BEGIN Records provided
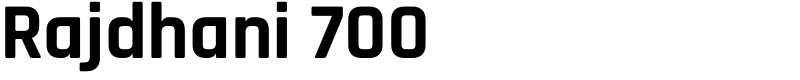 Rajdhani 700 Font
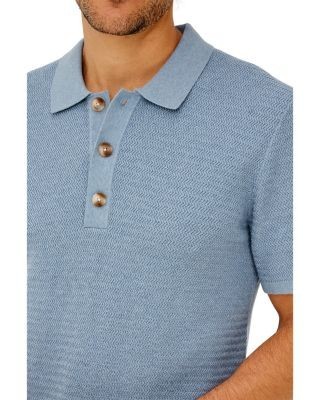 Rails Nathan Relaxed Fit Knit Polo Shirt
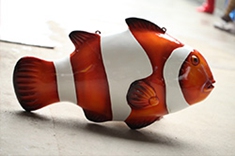 【海洋动物雕塑】小丑鱼玻璃钢雕塑挂件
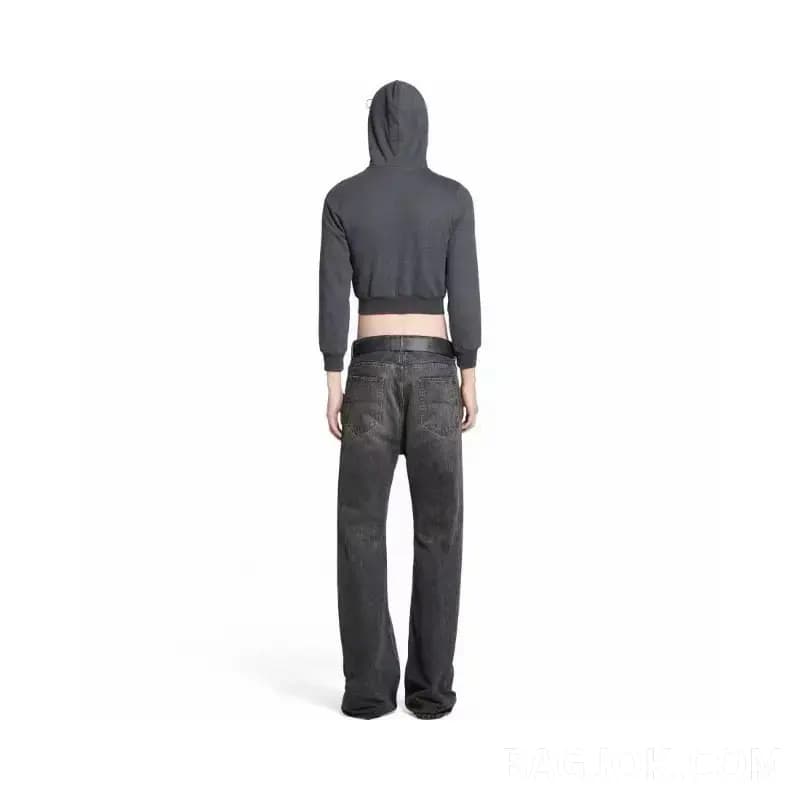 발렌시아가 발렌시아가 헤비 워싱 플레어 와이드 데님 팬츠 상세 이미지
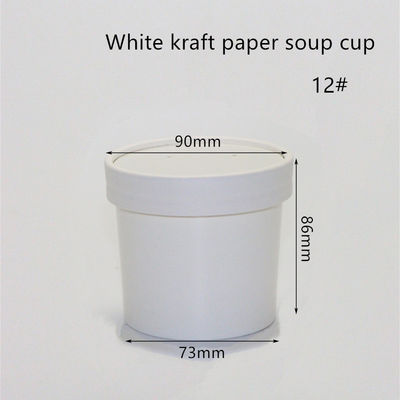 Mitnehmerbehälter Eco weißes Kraftpapier 12oz 16oz 320gsm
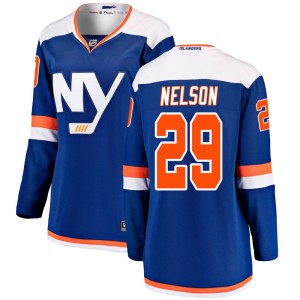 Brock Nelson Women's Fanatics Branded New York Islanders Breakaway Blue Alternate Jersey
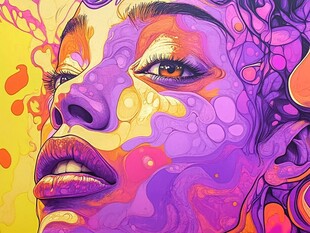 新颖新锐创意艺术绘画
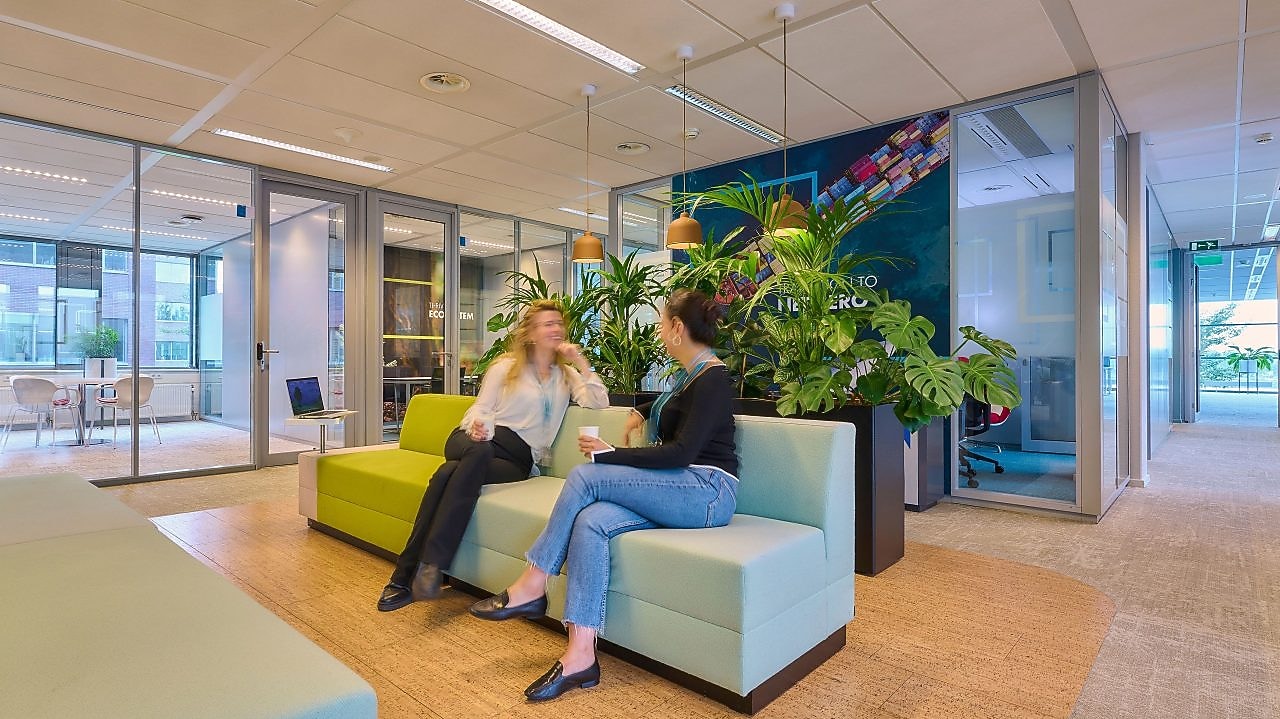 Co-working office floors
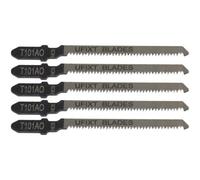 T101Ao Jigsaw Blades 5 Pack - High Carbon Steel (Hcs) For Precision Wood Cutting - Universal Bayonet Fit By Ufixt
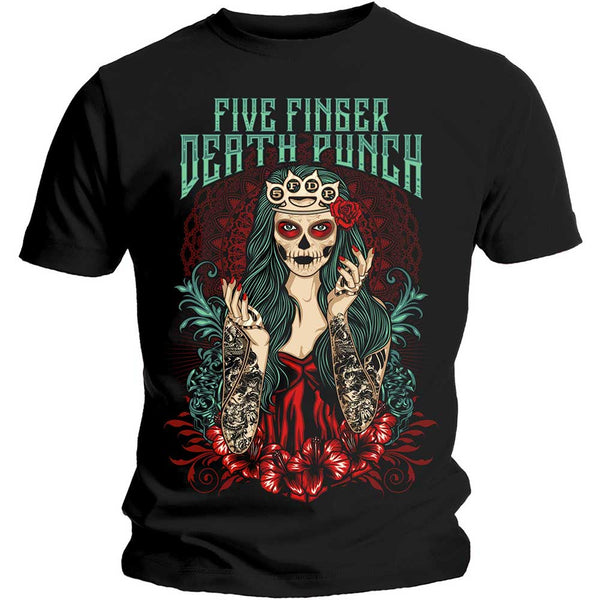 Five Finger Death Punch Unisex Tee: Lady Muerta (XX-Large)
END Records provided
What the exercise asks: Would you output all of the entries above exactly, keeping the pictures out?

Answer box:
 Rajdhani 700 Font
 Rails Nathan Relaxed Fit Knit Polo Shirt
 【海洋动物雕塑】小丑鱼玻璃钢雕塑挂件
 발렌시아가 발렌시아가 헤비 워싱 플레어 와이드 데님 팬츠 상세 이미지
 Mitnehmerbehälter Eco weißes Kraftpapier 12oz 16oz 320gsm
 Brock Nelson Women's Fanatics Branded New York Islanders Breakaway Blue Alternate Jersey
 新颖新锐创意艺术绘画
 Co-working office floors
 T101Ao Jigsaw Blades 5 Pack - High Carbon Steel (Hcs) For Precision Wood Cutting - Universal Bayonet Fit By Ufixt
 Five Finger Death Punch Unisex Tee: Lady Muerta (XX-Large)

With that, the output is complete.